Only the first line of the listing and the lines after it, up to and including the one containing "Flying in the", should be retyped exactly.

-------- Dataset records

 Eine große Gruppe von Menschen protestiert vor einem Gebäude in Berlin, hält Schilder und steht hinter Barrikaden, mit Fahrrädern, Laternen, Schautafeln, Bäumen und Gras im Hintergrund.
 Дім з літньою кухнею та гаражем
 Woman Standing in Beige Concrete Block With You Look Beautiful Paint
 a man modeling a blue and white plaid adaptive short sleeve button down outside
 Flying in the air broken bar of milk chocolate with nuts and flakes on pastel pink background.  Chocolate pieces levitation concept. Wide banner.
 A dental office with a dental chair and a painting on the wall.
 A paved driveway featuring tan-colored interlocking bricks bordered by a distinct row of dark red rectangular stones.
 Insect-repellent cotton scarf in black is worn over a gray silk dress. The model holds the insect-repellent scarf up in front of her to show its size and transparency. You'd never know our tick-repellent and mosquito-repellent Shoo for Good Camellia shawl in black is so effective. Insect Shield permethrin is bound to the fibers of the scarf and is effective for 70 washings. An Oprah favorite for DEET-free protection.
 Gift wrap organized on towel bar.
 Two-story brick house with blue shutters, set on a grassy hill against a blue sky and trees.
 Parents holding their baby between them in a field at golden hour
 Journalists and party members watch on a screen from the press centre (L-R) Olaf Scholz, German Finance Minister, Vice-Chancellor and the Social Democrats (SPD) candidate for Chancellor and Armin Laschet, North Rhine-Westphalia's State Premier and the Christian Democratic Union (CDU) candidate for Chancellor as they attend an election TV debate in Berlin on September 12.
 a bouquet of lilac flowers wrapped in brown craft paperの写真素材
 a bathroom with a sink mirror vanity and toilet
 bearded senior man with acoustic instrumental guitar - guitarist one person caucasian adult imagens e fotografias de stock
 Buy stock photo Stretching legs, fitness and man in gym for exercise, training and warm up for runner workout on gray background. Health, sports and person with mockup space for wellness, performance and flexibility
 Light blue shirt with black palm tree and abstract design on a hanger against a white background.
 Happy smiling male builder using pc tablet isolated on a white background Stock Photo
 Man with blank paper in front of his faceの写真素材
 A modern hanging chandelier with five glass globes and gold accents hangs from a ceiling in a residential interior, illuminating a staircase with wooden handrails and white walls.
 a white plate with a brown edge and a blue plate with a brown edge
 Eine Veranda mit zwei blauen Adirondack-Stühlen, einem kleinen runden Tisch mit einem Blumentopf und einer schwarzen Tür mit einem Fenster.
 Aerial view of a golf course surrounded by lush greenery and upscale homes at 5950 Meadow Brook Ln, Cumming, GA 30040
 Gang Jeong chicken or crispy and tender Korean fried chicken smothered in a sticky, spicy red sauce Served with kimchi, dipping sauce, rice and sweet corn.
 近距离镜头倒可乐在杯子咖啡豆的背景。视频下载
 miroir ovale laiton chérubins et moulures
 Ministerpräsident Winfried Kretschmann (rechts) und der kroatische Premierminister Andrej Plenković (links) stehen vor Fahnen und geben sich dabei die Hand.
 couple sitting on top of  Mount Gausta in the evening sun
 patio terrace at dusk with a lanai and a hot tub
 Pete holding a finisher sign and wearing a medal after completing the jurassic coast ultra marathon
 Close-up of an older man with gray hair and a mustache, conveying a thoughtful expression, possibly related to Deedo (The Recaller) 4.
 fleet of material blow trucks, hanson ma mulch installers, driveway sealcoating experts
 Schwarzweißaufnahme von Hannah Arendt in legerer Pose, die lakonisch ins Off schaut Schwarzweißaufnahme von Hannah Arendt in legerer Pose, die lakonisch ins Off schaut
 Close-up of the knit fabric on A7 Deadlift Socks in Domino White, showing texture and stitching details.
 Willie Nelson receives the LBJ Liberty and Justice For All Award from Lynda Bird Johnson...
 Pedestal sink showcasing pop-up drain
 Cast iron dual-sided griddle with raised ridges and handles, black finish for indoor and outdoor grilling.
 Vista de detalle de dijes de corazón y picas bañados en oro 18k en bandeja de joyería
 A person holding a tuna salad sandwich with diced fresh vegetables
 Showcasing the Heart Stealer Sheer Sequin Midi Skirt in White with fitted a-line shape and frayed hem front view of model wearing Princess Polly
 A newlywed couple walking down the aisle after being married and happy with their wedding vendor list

----------------

> [Result for this exercise]:
 Eine große Gruppe von Menschen protestiert vor einem Gebäude in Berlin, hält Schilder und steht hinter Barrikaden, mit Fahrrädern, Laternen, Schautafeln, Bäumen und Gras im Hintergrund.
 Дім з літньою кухнею та гаражем
 Woman Standing in Beige Concrete Block With You Look Beautiful Paint
 a man modeling a blue and white plaid adaptive short sleeve button down outside
 Flying in the air broken bar of milk chocolate with nuts and flakes on pastel pink background.  Chocolate pieces levitation concept. Wide banner.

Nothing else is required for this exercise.